Fonte: https://www.jcnet.com.br/Cultura/2019/05/marcio-abc-lanca-delacao-nesta-quintafeira.html
Após lançar seu sexto romance em São Paulo, onde trabalha atualmente, o jornalista e escritor Márcio ABC revê Bauru hoje, onde teve longa atuação profissional, para apresentar ao público "Delação": a noite de autógrafos será realizada a partir das 20h no Templo Bar.
Toda a narrativa é inspirada numa história real descoberta por acaso pelo autor em momento de intimidade com uma de suas protagonistas verdadeiras, conforme já divulgado. "Uma história que eu decidi, por muito tempo, apagar da minha mente", revela no texto "A vida real", apêndice do romance. Três décadas depois, a dolorosa história é reativada em meio aos reflexos da escandalosa política nacional.
A narração é conduzida por um jovem cineasta, que refaz os passos da época em que foi asfixiado pelo obscuro cotidiano familiar, quando o abuso que vitimava os três irmãos vinha de onde não se podia imaginar.
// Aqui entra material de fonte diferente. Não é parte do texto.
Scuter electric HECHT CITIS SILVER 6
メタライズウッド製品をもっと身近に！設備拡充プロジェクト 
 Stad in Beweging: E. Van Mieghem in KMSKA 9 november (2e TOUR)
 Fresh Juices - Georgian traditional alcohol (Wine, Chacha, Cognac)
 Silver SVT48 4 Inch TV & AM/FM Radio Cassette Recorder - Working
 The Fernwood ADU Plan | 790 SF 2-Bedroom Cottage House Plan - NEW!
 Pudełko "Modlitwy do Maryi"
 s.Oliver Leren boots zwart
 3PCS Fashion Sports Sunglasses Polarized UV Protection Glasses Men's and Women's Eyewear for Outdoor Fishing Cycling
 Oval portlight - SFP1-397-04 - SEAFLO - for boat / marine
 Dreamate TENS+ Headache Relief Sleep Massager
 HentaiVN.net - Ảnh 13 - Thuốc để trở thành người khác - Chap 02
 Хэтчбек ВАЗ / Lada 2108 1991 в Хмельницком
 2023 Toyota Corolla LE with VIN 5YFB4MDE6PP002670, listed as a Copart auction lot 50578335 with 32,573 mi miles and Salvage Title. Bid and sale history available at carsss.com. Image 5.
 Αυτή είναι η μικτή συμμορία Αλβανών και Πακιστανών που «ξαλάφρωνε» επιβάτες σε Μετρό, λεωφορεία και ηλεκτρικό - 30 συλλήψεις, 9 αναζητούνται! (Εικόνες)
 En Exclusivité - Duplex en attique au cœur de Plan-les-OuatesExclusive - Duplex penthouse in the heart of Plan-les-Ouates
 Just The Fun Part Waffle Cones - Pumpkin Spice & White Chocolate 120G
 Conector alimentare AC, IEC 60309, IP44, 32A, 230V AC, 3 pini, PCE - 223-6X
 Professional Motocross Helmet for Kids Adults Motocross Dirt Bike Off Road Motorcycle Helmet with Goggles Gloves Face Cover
Já adulto, o narrador busca exorcizar os fantasmas que assombraram a infância dele e dos irmãos e continuam a atormentá-los.
Mais: toda a trama é perpassada pela tensão resultante de uma delação premiada como tantas levadas a cabo durante investigações relacionadas a políticos e empresários brasileiros.
A 'REPRESA' ROMPE...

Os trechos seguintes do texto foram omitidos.